The Autonomy Of Fertility Choices
When it comes to matters of fertility, the decisions surrounding parenthood are profoundly personal and unique to each individual. These choices encompass considerations such as whether to have children, the timing of starting a family, and how to navigate the complexities of infertility.
It is imperative to acknowledge and uphold the autonomy of individuals and couples when making decisions about their reproductive health.
The landscape of fertility and conception has significantly changed over the past 30 years, Dr Eeson pointed out. Couples now tend to opt for smaller families, with one or two children, compared to previous generations’ preference for four to five children.
He added that men are now more open to seeking consultations, providing sperm samples, and exploring the next steps in their fertility treatment.
“To all men facing infertility, there is no need to feel shy or embarrassed.
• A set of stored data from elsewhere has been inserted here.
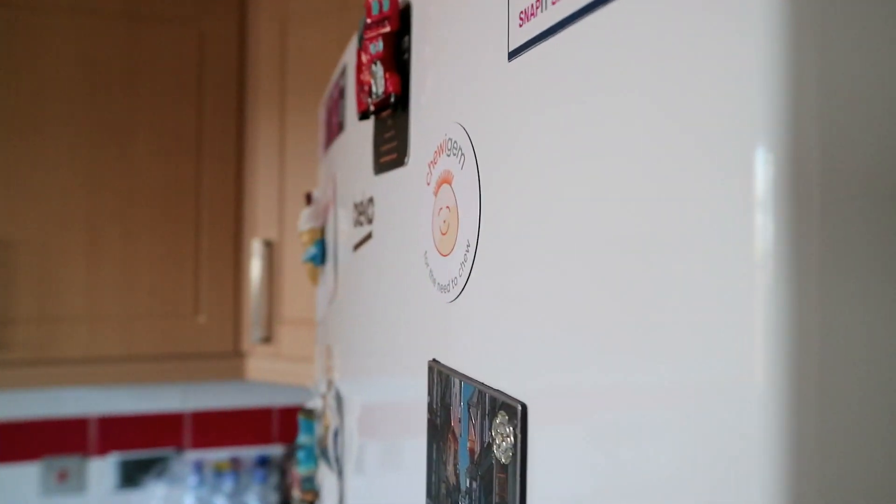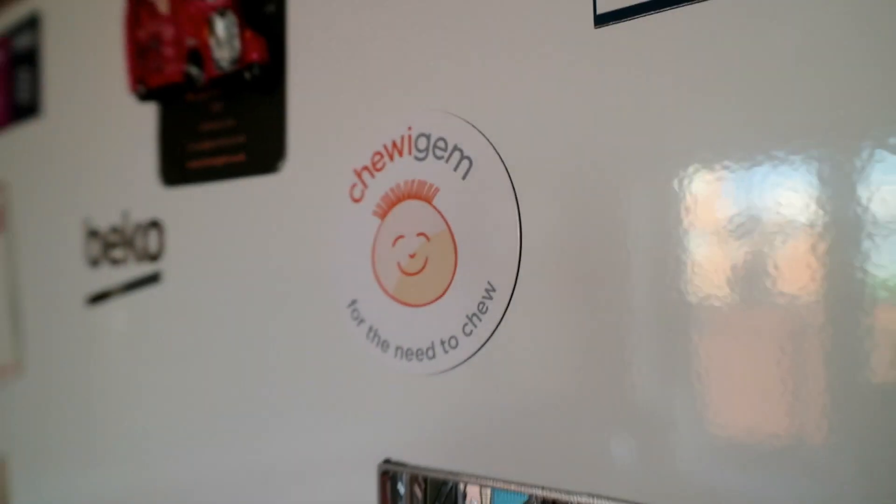We're going to get straight on with it. The first two things are freebies. Chewy Gem, with their subscription service, tend to put in a couple of freebies every month, which is pretty cool. The first freebie I got was a magnet, and as soon as I got it, it literally went on the fridge. I love magnets — they are pretty much my special interest. I love collecting magnets when I go away on holiday or when other people go away.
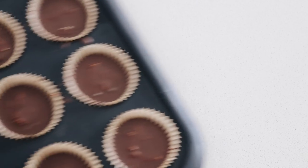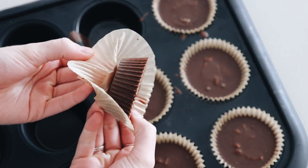Finally, set those back in the freezer for another 10 to 15 minutes until they are firm. They are ready and I'm excited to try them!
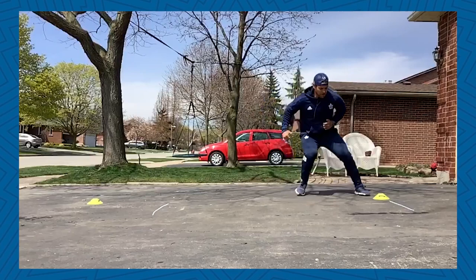That's it for this week. Thanks again for watching. Stay safe on your property and send us your videos. We'll see you next week. Bye.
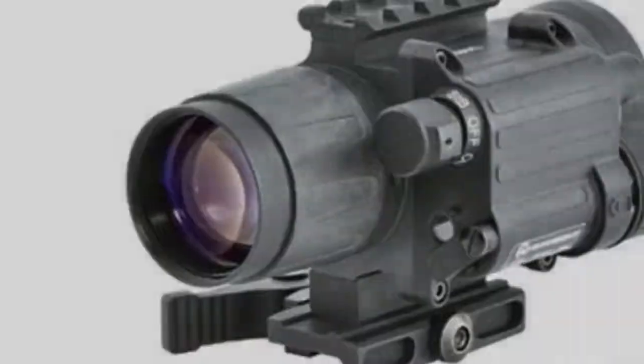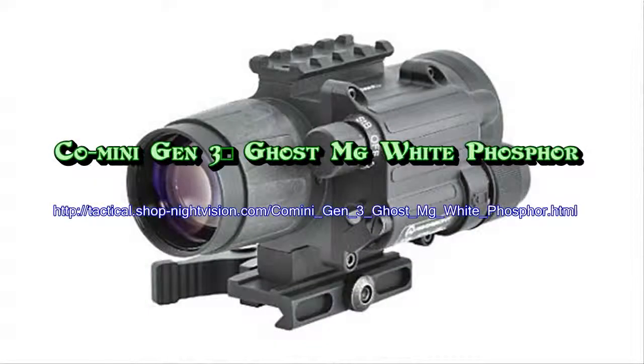The Co-mini brings high quality clip-on night vision inside everyone's reach. The Armasight Co-mini Ghost Milligrams is equipped with a high performance Armasight Ghost White Phosphor Generation 3 IIT with manual gain control, providing a clear black and white image and resolution of 47–54 lp/mm.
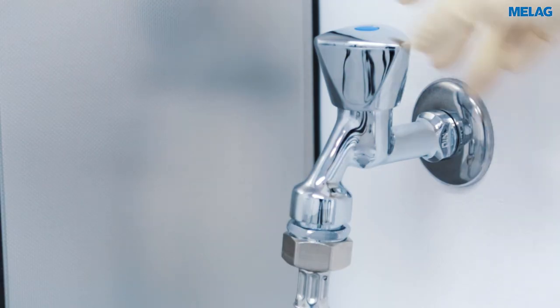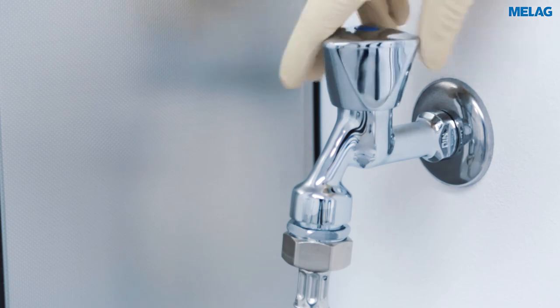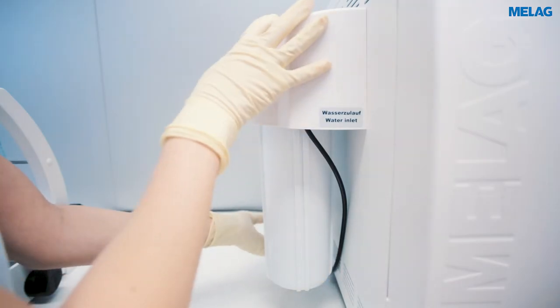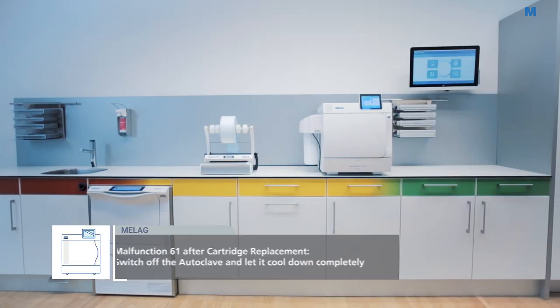After you have reopened the water tap and have checked the Meladem 40 for leaks, your steam steriliser and water treatment unit are ready to use.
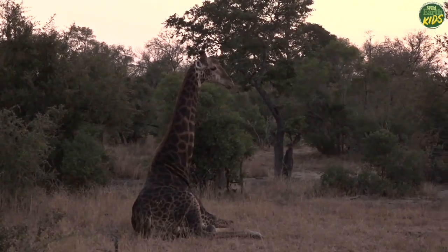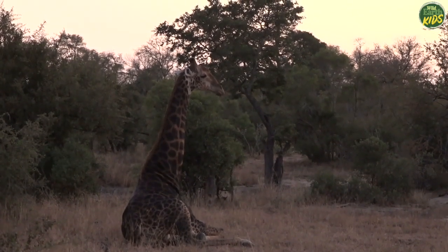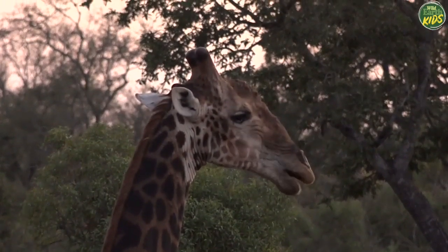This is actually a relaxed position for this giraffe, because remember that their heads are held up not by muscles but by a very thick, very strong tendon that runs along the back of their necks, and that actually holds their heads upright in a resting position.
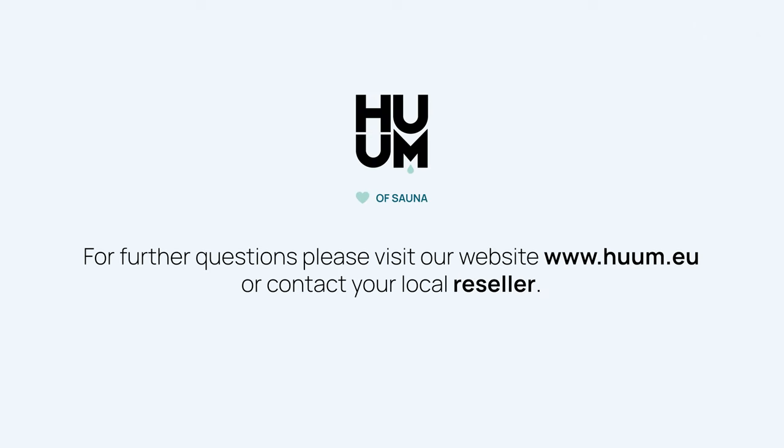For further questions, please visit our website at www.hoom.eu or contact our reseller.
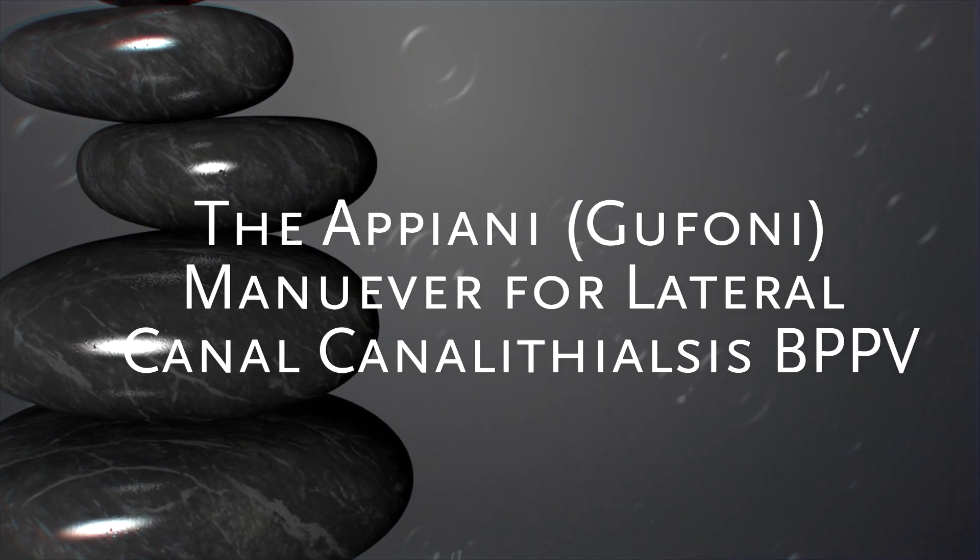We're going to review a technique called the Appiani Maneuver, or some people call it the Gufani Maneuver. This is a maneuver to treat lateral canal canalithiasis BPPV.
Embrace the transformative journey towards parenthood, as numerous possibilities exist for starting a family.”
LPPKN Subfertility Services
Deputy Minister of Women, Family and Community Development, Aiman Athirah Sabu, recently told Parliament, that between 1979 (when it first began offering subfertility services) and April 2023, LPPKN facilities have provided its subfertility services to 40,576 new cases and 262,657 repeat cases.
The number of new cases estimated is about 1,500 to 2,000 cases annually, which shows that LPPKN’s subfertility services get consistent responses, with repeated cases going up to 9,000 cases each year, said Aiman.